**Aim of the exercise:** Word for word, retype each record shown below.

[Data shown — start]

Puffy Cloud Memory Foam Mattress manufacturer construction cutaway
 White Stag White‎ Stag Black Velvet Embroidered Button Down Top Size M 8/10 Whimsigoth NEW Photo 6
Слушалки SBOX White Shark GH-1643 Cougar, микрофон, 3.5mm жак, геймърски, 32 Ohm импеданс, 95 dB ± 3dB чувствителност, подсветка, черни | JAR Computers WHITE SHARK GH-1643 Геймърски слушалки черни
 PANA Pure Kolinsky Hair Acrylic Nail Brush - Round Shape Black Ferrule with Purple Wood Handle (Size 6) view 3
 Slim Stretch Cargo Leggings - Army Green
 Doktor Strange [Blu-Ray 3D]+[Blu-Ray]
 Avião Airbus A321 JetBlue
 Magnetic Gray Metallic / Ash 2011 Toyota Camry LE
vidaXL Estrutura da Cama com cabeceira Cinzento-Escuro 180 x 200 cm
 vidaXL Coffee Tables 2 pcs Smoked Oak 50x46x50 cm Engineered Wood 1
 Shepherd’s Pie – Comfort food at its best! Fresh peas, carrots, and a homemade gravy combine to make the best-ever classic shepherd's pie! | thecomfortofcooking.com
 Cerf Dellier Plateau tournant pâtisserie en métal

[Data shown — finish]

**Result:**
Puffy Cloud Memory Foam Mattress manufacturer construction cutaway
 White Stag White‎ Stag Black Velvet Embroidered Button Down Top Size M 8/10 Whimsigoth NEW Photo 6
Слушалки SBOX White Shark GH-1643 Cougar, микрофон, 3.5mm жак, геймърски, 32 Ohm импеданс, 95 dB ± 3dB чувствителност, подсветка, черни | JAR Computers WHITE SHARK GH-1643 Геймърски слушалки черни
 PANA Pure Kolinsky Hair Acrylic Nail Brush - Round Shape Black Ferrule with Purple Wood Handle (Size 6) view 3
 Slim Stretch Cargo Leggings - Army Green
 Doktor Strange [Blu-Ray 3D]+[Blu-Ray]
 Avião Airbus A321 JetBlue
 Magnetic Gray Metallic / Ash 2011 Toyota Camry LE
vidaXL Estrutura da Cama com cabeceira Cinzento-Escuro 180 x 200 cm
 vidaXL Coffee Tables 2 pcs Smoked Oak 50x46x50 cm Engineered Wood 1
 Shepherd’s Pie – Comfort food at its best! Fresh peas, carrots, and a homemade gravy combine to make the best-ever classic shepherd's pie! | thecomfortofcooking.com
 Cerf Dellier Plateau tournant pâtisserie en métal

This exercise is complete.